Lords Amendment to Clause 4, Sub-section 1 (a), after the word "occupation" ["age, profession or occupation"] insert the words "religious profession."

Mr. BURNS

In moving "That this House disagree with the Lords in the said Amendment," there is not much to be added to what took place in the Debate in this House on a previous occasion. On that occasion, after a lengthy Debate, the House of Commons, by a Division of 135 to 38, objected to a religious census being incorporated in the Census Bill for the year. Since that decision the Bill has been to another place and by two Divisions, 38 to 31, or a majority of seven in the first instance, and 32 to 29, or a majority of three only the second time, the Lords inserted an Amendment that a religious census was necessary. I now ask the House of Commons to abide by its own decision. It would, perhaps, not be uninteresting for this House at this stage to know that the House of Commons on several occasions has objected to the taking of a religious census. In 1910 they so decided by 135 to 38; in 1880 by 97 to 27; and in 1890 by 288 to 69. In 1870 the House of Lords were in favour of a religious census by a majority of four only, and when it was returned to the House of Commons on that occasion it was rejected by the Commons by a majority of 101 to 40. The Government object to this Amendment, and the succeeding one, on the broad ground that a religious census is useless as a means of ascertaining the real religious belief of the occupier, who himself will have to declare his religious profession. The Amendment seeks to impose no penalty for any false statement, as on every other point embodied in the census. It leaves to the occupier, who is not skilled in the niceties of creeds or religious denominations, the responsibility of declaring, practically, that he belongs to one of three or four of the principal denominations. Being optional, we regard it as being unreliable, and as there is no penalty attached it is untrustworthy from the point of view of statistics. As this proposal has been objected to so frequently by the House of Commons, and has only secured on one occasion a very small majority—in the highest case, seven—in the other place the Government ask the House of Commons again to disagree with the Lords in their desire that a religious census be taken. I beg to move.

Mr. RAWLINSON

I ask the House to reconsider its position. What is it that is objected to? That there should be a column in the census in which a man should state what his religious profession is. The right hon. Gentleman has said that such a return would be misleading, and would be a difficult matter to carry through. I would remind the House that this very House of Commons has passed without objection this identical provision for Ireland. It has been the law in Ireland for a long time, and the statistics are supposed to be, and probably are, approximately correct. If the right hon. Gentleman and the Government really believe in the difficulties they have put before the House, why did they not strike the religious census out of the Irish Bill? No difficulty exists in Ireland. Practically all our Colonies have this religious census, as do also the vast majority of foreign countries, and no such difficulties as the right hon. Gentleman has adumbrated have ever arisen in any case. I should like to deal with the argument of the right hon. Gentleman that this House, by a majority of 135 to 38, decided against this religious census. That being so, I ought to remind the House how this division came to be taken. The right hon. Gentleman was addressing the House at 8.15. A large number of hon. Members were anxious to address the House on this subject, but at 8.15 a Private Bill came up for discussion, and was discussed at very much shorter length than was expected. I do not mind admitting to the House that I was at that time dining, as were a large number of other hon. Members. Owing to an unfortunate accident, for which I do not suggest the Government was responsible in any way, the indicator which shows the business going on in the House recorded in the dining room that the Private Bill was still under discussion, whereas this subject had again come before the House.

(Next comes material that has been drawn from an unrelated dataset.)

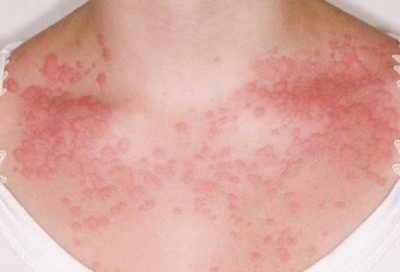 Mi urticaria, és attól, hogy emberről emberre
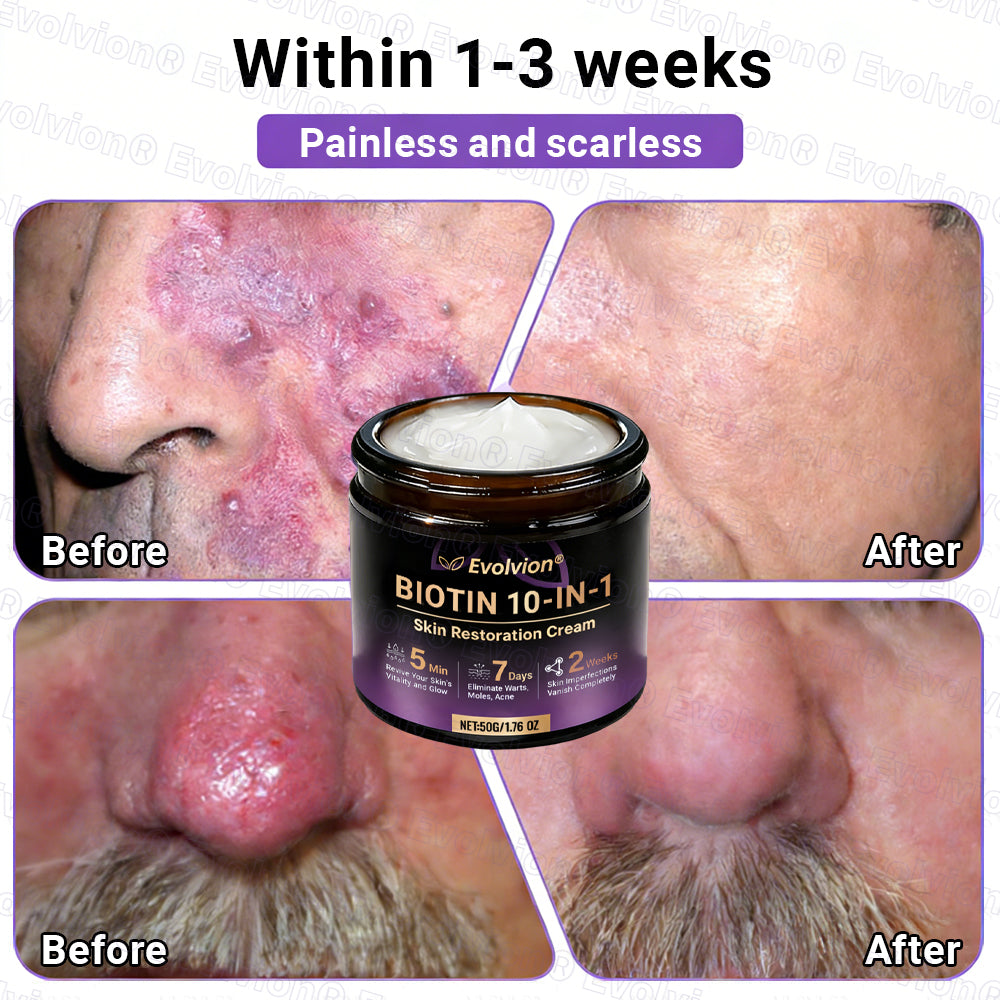 Made and Shipped from Canada🍁🔖Evolvion® Biotin 10-in-1 Skin Restoration Cream - Last Day Promotion: 50% OFF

The right hon. Gentleman was continuing the speech which had been interrupted at 8.15. The first intimation that we who were not inside this Chamber at the moment had that anything was happening was the ringing of the Division bell, and even that would not have happened but for the ceaseless watchfulness of the hon. Baronet the Member for the City of London (Sir F. Banbury), who happened to be the only Member of the Opposition present in the House. The Division took place absolutely unexpectedly to the vast majority of those who were in favour of this religious census. We did not know, when the Division bell rang, but that it was a Division upon the Private Bill and not upon this matter at all. Therefore, the least that is said about being bound by this Division the better. I want to deal with the statement made by the right hon. Gentleman that such a census as this would be unreliable. Is there the slightest difficulty about making the return in Ireland? It is always made there without the slightest difficulty. Not a single Roman Catholic returns himself otherwise than as a Roman Catholic, and those who are not Roman Catholics do not return themselves as members of that communion. Would not this return enable us to get accurate information as to the number of Roman Catholics in England. We have been deluged recently with pamphlets saying that there is growing danger owing to the number of Roman Catholics in England. Would it not be an interesting and useful thing to find out whether there really is this large growth in the Roman Catholic population of Great Britain. It would be a perfectly simple thing to get; and would not it be very interesting and useful to know whether the growth is as large as suggested by certain people, or whether it is diminishing? Again, would it not be an exceedingly useful thing to know what the numbers of the Nonconformist bodies are? Except for a very small margin you would be able to get that with absolute accuracy.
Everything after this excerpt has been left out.